Type B: slow leak of AVP. Approximately 30% of patients. Milder increase in plasma AVP in comparison to type A. Plasma AVP remains stable during hypertonic saline infusion and only rises when serum sodium levels reach normal range.
Type C: reset osmostat. Approximately 30% of patients. Low AVP levels during hyponatremic state; however, AVP levels rise inappropriately during hypertonic saline infusion before hyponatremia is corrected.

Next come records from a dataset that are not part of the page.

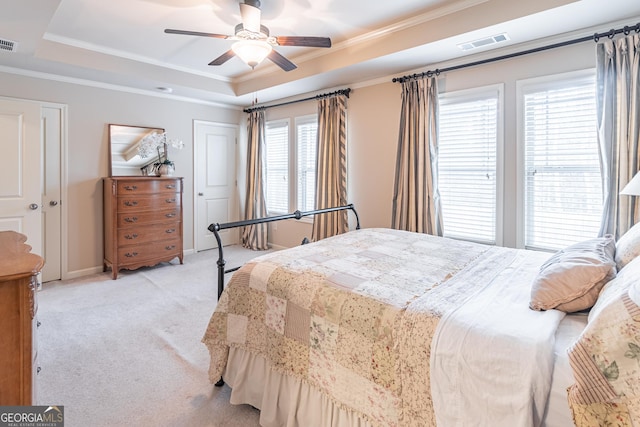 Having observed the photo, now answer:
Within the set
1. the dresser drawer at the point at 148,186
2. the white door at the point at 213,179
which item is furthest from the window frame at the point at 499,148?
the white door at the point at 213,179

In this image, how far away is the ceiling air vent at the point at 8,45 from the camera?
2896 millimetres

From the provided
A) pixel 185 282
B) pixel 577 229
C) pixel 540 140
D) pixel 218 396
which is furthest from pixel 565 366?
pixel 185 282

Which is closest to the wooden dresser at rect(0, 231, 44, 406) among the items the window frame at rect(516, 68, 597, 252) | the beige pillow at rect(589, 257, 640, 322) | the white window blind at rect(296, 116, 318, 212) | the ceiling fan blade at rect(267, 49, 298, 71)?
the beige pillow at rect(589, 257, 640, 322)

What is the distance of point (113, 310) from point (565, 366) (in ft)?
11.5

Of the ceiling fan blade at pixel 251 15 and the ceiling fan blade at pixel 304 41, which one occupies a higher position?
the ceiling fan blade at pixel 251 15

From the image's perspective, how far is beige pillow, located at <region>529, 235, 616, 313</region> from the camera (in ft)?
4.03

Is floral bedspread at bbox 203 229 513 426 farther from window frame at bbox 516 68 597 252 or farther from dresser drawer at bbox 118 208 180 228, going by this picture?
dresser drawer at bbox 118 208 180 228

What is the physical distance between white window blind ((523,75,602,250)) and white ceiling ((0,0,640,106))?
511 millimetres

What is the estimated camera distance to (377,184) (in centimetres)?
409

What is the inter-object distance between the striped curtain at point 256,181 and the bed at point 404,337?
3.43m

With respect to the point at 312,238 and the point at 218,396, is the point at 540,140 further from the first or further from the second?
the point at 218,396

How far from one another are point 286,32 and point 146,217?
286cm

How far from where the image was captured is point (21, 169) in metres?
3.47

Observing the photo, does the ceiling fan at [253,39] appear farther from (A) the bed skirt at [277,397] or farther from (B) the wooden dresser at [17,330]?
(A) the bed skirt at [277,397] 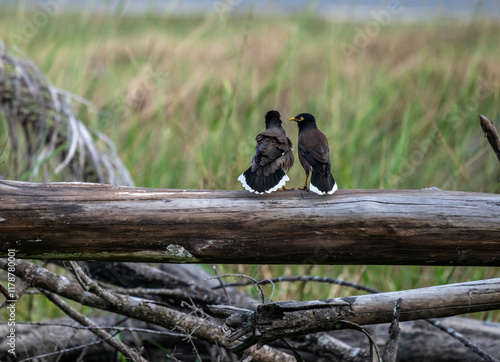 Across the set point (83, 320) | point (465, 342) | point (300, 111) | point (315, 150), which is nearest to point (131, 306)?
point (83, 320)

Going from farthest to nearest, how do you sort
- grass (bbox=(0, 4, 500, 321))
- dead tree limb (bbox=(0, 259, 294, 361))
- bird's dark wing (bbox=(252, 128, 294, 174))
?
grass (bbox=(0, 4, 500, 321))
dead tree limb (bbox=(0, 259, 294, 361))
bird's dark wing (bbox=(252, 128, 294, 174))

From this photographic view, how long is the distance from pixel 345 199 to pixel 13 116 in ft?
7.27

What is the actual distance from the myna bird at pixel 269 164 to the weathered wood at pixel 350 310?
0.34 m

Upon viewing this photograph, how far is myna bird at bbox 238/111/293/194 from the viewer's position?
1812 mm

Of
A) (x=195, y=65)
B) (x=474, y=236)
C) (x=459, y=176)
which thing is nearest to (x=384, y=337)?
(x=474, y=236)

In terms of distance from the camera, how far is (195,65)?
23.4 ft

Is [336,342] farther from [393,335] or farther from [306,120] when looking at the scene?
[306,120]

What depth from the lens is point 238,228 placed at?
5.70 feet

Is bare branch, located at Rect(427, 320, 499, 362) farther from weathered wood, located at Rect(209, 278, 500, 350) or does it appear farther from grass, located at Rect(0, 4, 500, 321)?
grass, located at Rect(0, 4, 500, 321)

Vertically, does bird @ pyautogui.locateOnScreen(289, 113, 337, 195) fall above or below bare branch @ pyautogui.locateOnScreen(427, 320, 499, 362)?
above

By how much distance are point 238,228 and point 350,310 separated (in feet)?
1.27

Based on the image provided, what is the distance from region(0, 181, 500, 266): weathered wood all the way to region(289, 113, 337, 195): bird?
0.19 ft

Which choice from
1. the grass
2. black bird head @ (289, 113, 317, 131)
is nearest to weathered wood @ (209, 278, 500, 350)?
black bird head @ (289, 113, 317, 131)

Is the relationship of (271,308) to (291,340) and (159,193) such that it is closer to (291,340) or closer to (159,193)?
(159,193) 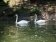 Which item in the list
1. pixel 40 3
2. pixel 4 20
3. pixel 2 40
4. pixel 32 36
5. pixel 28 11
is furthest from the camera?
pixel 40 3

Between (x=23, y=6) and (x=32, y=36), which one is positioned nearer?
(x=32, y=36)

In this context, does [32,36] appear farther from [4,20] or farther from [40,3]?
[40,3]

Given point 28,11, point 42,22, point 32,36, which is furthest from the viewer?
point 28,11

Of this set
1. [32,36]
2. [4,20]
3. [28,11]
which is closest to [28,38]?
[32,36]

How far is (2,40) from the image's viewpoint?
62.6 feet

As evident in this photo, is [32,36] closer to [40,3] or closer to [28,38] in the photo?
[28,38]

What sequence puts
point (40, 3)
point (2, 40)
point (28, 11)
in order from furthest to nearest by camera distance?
point (40, 3) < point (28, 11) < point (2, 40)

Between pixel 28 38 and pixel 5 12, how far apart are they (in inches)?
582

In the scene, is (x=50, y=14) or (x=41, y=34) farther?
(x=50, y=14)

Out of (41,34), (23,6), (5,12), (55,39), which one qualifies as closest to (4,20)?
(5,12)

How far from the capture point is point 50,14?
33875 millimetres

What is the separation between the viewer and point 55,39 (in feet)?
63.6

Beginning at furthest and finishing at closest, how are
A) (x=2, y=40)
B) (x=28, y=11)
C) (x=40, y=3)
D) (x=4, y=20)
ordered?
1. (x=40, y=3)
2. (x=28, y=11)
3. (x=4, y=20)
4. (x=2, y=40)

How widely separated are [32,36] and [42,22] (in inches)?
359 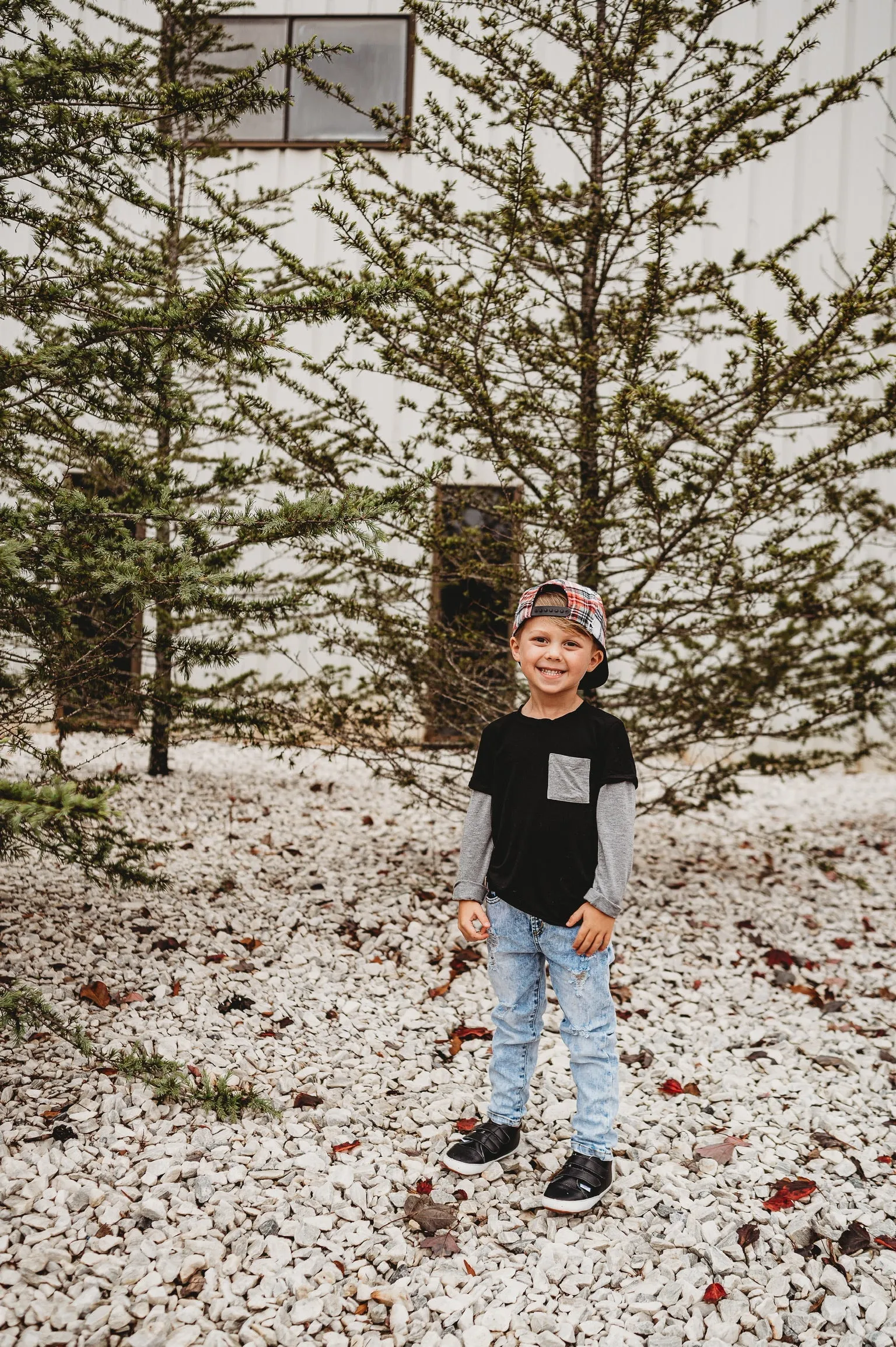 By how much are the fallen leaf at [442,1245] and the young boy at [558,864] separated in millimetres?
220

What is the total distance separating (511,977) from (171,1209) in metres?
1.00

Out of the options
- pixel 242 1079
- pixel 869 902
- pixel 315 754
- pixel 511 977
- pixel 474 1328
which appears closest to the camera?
pixel 474 1328

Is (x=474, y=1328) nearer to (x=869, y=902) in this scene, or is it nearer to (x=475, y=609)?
(x=475, y=609)

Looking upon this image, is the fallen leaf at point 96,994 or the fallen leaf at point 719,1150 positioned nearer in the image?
the fallen leaf at point 719,1150

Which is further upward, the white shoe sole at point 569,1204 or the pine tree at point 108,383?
the pine tree at point 108,383

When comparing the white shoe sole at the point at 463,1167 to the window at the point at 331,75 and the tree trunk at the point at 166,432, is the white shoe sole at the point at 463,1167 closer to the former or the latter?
the tree trunk at the point at 166,432

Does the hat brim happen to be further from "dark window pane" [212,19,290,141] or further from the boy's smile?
"dark window pane" [212,19,290,141]

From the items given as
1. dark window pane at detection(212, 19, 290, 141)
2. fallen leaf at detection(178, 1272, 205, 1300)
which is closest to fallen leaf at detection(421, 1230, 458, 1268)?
fallen leaf at detection(178, 1272, 205, 1300)

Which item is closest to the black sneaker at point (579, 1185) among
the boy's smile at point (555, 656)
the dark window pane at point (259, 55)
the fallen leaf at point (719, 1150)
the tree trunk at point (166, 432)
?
the fallen leaf at point (719, 1150)

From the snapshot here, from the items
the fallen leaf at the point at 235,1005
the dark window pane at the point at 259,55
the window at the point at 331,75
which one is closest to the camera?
the fallen leaf at the point at 235,1005

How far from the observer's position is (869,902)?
490 cm

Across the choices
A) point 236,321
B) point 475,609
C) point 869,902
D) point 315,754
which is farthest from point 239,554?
point 315,754

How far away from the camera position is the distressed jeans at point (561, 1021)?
7.42ft

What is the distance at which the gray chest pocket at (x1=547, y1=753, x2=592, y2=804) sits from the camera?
88.7 inches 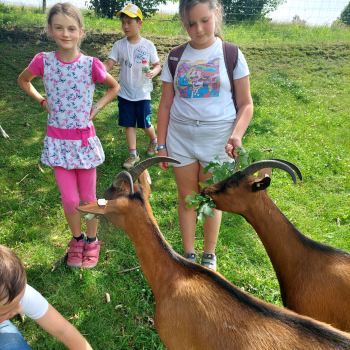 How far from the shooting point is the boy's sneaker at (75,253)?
12.0 feet

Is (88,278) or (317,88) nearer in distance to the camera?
(88,278)

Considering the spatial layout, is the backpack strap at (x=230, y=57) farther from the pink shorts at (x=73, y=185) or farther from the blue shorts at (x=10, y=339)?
the blue shorts at (x=10, y=339)

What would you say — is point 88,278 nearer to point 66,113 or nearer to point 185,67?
point 66,113

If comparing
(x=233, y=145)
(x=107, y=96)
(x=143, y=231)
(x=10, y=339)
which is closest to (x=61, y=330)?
(x=10, y=339)

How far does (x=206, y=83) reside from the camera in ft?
9.45

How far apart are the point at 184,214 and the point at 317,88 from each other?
9641mm

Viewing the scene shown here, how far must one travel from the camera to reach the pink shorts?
3.33 metres

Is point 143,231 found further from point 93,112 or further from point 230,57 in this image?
point 230,57

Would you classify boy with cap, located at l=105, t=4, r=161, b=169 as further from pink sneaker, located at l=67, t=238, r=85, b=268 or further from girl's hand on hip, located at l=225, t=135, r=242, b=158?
girl's hand on hip, located at l=225, t=135, r=242, b=158

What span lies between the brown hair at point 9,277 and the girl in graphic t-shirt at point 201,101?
1.69m

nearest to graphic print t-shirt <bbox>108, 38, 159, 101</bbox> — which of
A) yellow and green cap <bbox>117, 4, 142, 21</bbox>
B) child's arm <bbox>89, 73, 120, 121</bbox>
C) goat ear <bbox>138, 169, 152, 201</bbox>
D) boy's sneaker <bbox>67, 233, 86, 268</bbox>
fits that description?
yellow and green cap <bbox>117, 4, 142, 21</bbox>

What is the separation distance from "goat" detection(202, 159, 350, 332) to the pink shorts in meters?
1.35

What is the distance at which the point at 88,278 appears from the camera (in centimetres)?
355

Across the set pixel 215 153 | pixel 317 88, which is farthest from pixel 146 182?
pixel 317 88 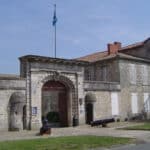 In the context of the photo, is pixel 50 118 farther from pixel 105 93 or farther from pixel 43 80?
pixel 43 80

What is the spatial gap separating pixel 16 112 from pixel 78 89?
24.5 ft

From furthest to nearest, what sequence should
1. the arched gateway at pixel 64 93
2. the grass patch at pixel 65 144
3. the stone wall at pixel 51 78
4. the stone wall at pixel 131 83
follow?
the stone wall at pixel 131 83 → the arched gateway at pixel 64 93 → the stone wall at pixel 51 78 → the grass patch at pixel 65 144

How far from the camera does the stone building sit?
28.7 metres

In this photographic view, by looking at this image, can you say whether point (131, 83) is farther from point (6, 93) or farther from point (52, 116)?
point (6, 93)

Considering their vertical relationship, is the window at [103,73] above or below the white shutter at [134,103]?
above

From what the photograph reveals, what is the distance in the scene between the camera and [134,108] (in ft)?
132

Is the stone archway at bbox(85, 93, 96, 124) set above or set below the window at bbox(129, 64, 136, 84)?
below

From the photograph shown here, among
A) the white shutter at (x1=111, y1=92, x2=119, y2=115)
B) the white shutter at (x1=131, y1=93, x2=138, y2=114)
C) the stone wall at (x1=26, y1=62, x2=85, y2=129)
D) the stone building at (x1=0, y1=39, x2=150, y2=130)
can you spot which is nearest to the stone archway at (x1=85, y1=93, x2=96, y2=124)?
the stone building at (x1=0, y1=39, x2=150, y2=130)

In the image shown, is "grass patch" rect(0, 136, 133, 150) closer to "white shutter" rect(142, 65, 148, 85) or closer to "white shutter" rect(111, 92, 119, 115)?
"white shutter" rect(111, 92, 119, 115)

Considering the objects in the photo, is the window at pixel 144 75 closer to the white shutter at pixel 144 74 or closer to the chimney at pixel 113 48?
the white shutter at pixel 144 74

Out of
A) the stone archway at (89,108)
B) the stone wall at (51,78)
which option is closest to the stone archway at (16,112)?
the stone wall at (51,78)

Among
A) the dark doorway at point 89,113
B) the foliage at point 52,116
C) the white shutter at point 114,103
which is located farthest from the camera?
the foliage at point 52,116

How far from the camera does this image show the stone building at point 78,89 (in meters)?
28.7

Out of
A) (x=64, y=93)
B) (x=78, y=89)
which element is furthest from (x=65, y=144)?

Type D: pseudo-SIADH. Approximately 10% of patients. Low or undetectable AVP. Low levels of AVP during hyponatremic state with apparent normal osmoregulation of AVP release. Antidiuresis occurs through an alternative mechanism, one of which is nephrogenic syndrome of inappropriate diuresis (SIAD), a genetic disorder characterized by gain-of-function mutation of vasopressin 2 receptor.[3]